No filme La Loi du Marché, o personagem de Thierry engrossa o caldo do drama da recessão econômica em países com índices de desemprego crescentes.
Léa Maria Aarão Reis
Fonte: Carta Maior, com umacoisaeoutra.com.br
Data original da publicação: 13/07/2016
“Trabalhar é apenas um detalhe na vida do indivíduo,’’ diz o diretor de Recursos Humanos da empresa, durante a reunião com os funcionários do supermercado. Ele omite que o trabalho, no pós-capitalismo, na sociedade de massas selvagem e competitiva e no regime neoliberal, funciona como máquina de triturar seres humanos. Mói a carne e a mente dos indivíduos. O problema é que fora dela, cada vez mais, parece não haver sobrevivência – ou salvação – com a ameaça permanente de ser posto à margem do sistema.
A reunião dos funcionários com o chefe de RH que procura tranquilizá-los a respeito do suicídio recente de uma colega no local do trabalho está no excelente filme de Stephane Brizé, La Loi duMarché (2015), motivo de polêmicas na França onde estreou logo após o Festival de Cannes do ano passado e deu ao protagonista, Vincent Lindon – uma das estrelas atuais do cinema francês-, a Palma de Ouro de Melhor Ator.
Aqui, lançado mês passado meio em segredo, este quase documentário, rigoroso no seu realismo quase de microscópio, como querem alguns críticos, ganhou o título traduzido do inglês: O valor de um homem.
O personagem do protagonista Thierry é exemplar e engrossa o caldo do drama da recessão econômica em países com índices de desemprego crescentes – como ocorre no Brasil. Thierry tem 52 anos, ainda é moço para se aposentar e já é velho para reingressar no mercado e ser aceito de modo a poder prosseguir a carreira onde é competente e tem experiência.
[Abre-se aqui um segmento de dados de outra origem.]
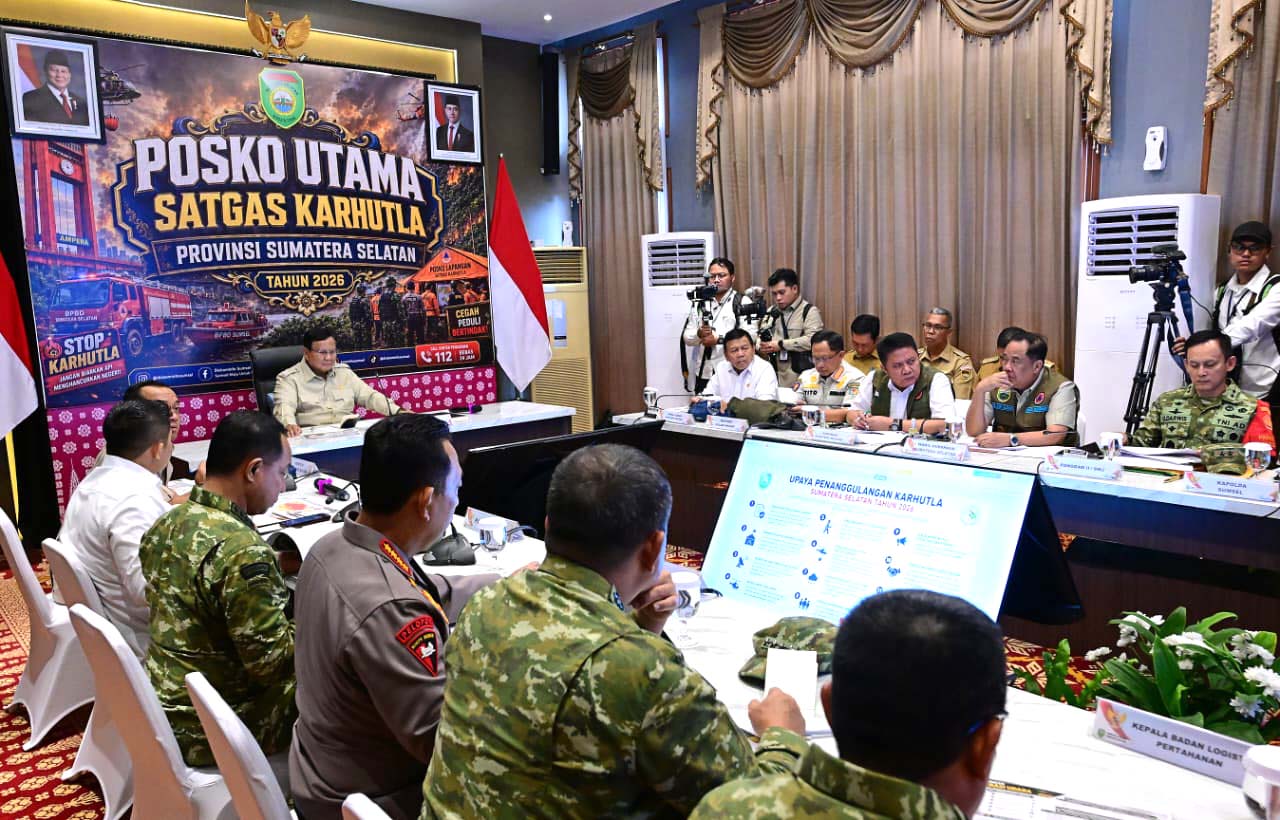 Prabowo Subianto, memimpin langsung Rapat Penanggulangan Karhutla di Sumatera Selatan Tahun 2026 yang digelar di Ruang VIP Bandara Sultan Mahmud Badaruddin II, Palembang, Senin 24 Agustus 2026. Foto: Dok. Polda Sumsel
Ele acaba de ser demitido numa operação de ‘flexibilidade’ dos custos da empresa. É um operário qualificado, um técnico, e pertence à sólida classe média dos trabalhadores europeus especializados. Casado, é pai de um adolescente com necessidades especiais. Paga as parcelas da casa própria, tem um carro velho que volta e meia o deixa na mão, na rua, e um trailer num camping, a sua casa de veraneio na beira do mar. Vive, com a família, com dignidade e modesto conforto.
Na primeira metade do filme, Thierry discute com colegas sindicalistas. É um diálogo inicial que segue a tendência de outras produções recentes, de crítica às distorções crescentes do neo-capitalismo, o chamado ‘cinema de crise’ – como As Neves do Kilimanjaro, de Robert Guédiguian, e Dois Dias, Uma Noite, dos irmãos Jean-Pierre e Luc Dardenne.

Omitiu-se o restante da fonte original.